肺炎が起こると、お熱、咳に加えて黄色や緑色の痰(膿性痰)が出てきます。また肺炎が拡がると、息切れや呼吸困難を感じるようになり、胸の痛みを感じられる患者さまもおられます。高齢者は肺炎を発症した場合は、お熱などの典型的な症状が出にくいことがあり、むしろ身体のだるさや食欲がなくなるなどといった症状が中心となる場合もあり、特に注意が必要です。

細菌性肺炎と非定型肺炎の違いって?

クリニックの外来で診る市中肺炎には、「細菌性肺炎(さいきんせいはいえん)」と「非定型肺炎(ひていけいはいえん)」という2種類に分けられます。
わざわざこの2つを区別する理由は、それぞれを治療するためのお薬(抗生物質)が大きく変わるからです。
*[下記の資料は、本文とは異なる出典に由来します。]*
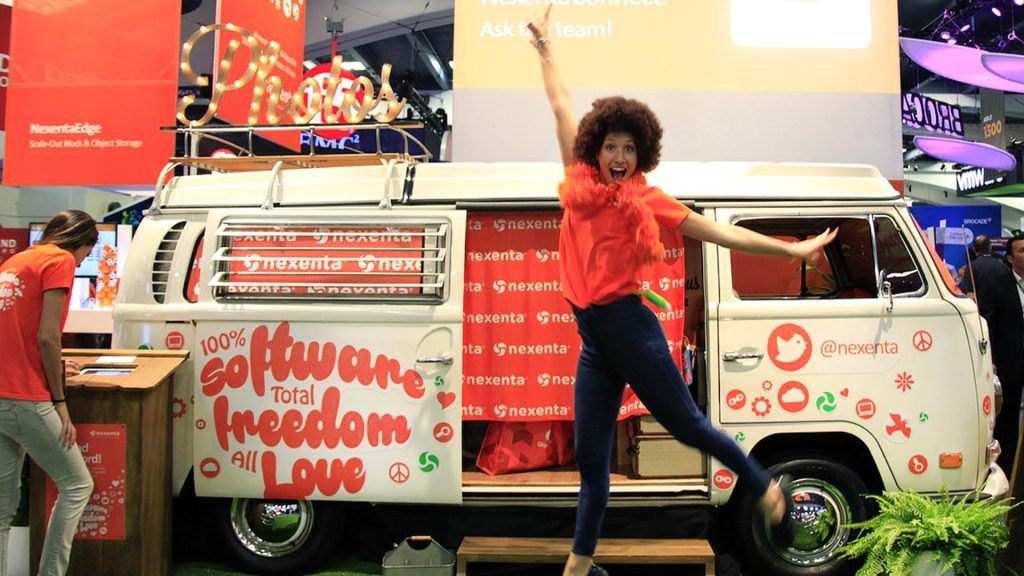 Person jumping in front of branded camper van.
細菌性肺炎ではお熱や咳、痰などの症状が中心になりますが、非定型肺炎ではお熱や頑固な咳はあっても、痰の量が比較的少なく、比較的年齢が若い方に多いなどといった特徴があります。これらを患者さまごとに判断し、できる限り適切なお薬を選んでいけるように努めています。

細菌性肺炎と非定型肺炎の違いって?

肺炎疑いの人にはどんな検査をするの?

胸部レントゲン、採血検査、喀痰検査

  • 胸部レントゲン
  • 採血検査
  • 喀痰検査

当院の外来で肺炎を疑った場合、まずは十分に聴診を行い、肺の中で肺炎による雑音が聞こえるかどうかを確認します。同時にSpO2モニター(サチュレーションモニター)という血中の酸素濃度を測定する機械を指の先に装着し、身体の中にしっかりと酸素がいきわたっているかを評価します。これらの診察でやはり肺炎を疑う場合には、胸部レントゲンを撮影し、実際に肺炎がどの場所に起こっているかを調べていきます。また同時に採血検査を行い、炎症所見(CRP、WBC値など)や腎機能などを測定して、肺炎の重症度やお身体全体の状態を調べ、どのような治療を行うか検討していきます。

肺炎の治療はどうするの?

内服、点滴

肺炎の治療は、適切な抗生剤を服用(もしくは点滴)することです。肺炎の重症度や疑わしい細菌の種類に合わせて、内服の抗生剤のみで治療するか、点滴の抗生剤にするか、これらを併用するかを検討してきます。指先に装着したSpO2モニター(サチュレーションモニター)の数値が低い場合には、酸素投与が必要になりますので、近隣の救急病院に入院も含めて紹介することを勧めさせていただきます。お身体全体の状態がそれほど悪くなく、SpO2モニターの数値も正常範囲の患者さまには、外来通院で抗生剤治療を行います。

当院でよく使用する肺炎の治療薬
内服 サワシリン・オーグメンチン
アジスロマイシン
点滴 セフトリアキソン

間質性肺炎

間質性肺炎とは何でしょう?

間質性肺炎とは何でしょう?

肺には肺胞と呼ばれる空気が入る小さい部屋がたくさんあります。この部屋同士は「間質(かんしつ)」と呼ばれる壁で区切られています。この壁(間質)に起こる肺炎のことを間質性肺炎(かんしつせいはいえん)と呼びます。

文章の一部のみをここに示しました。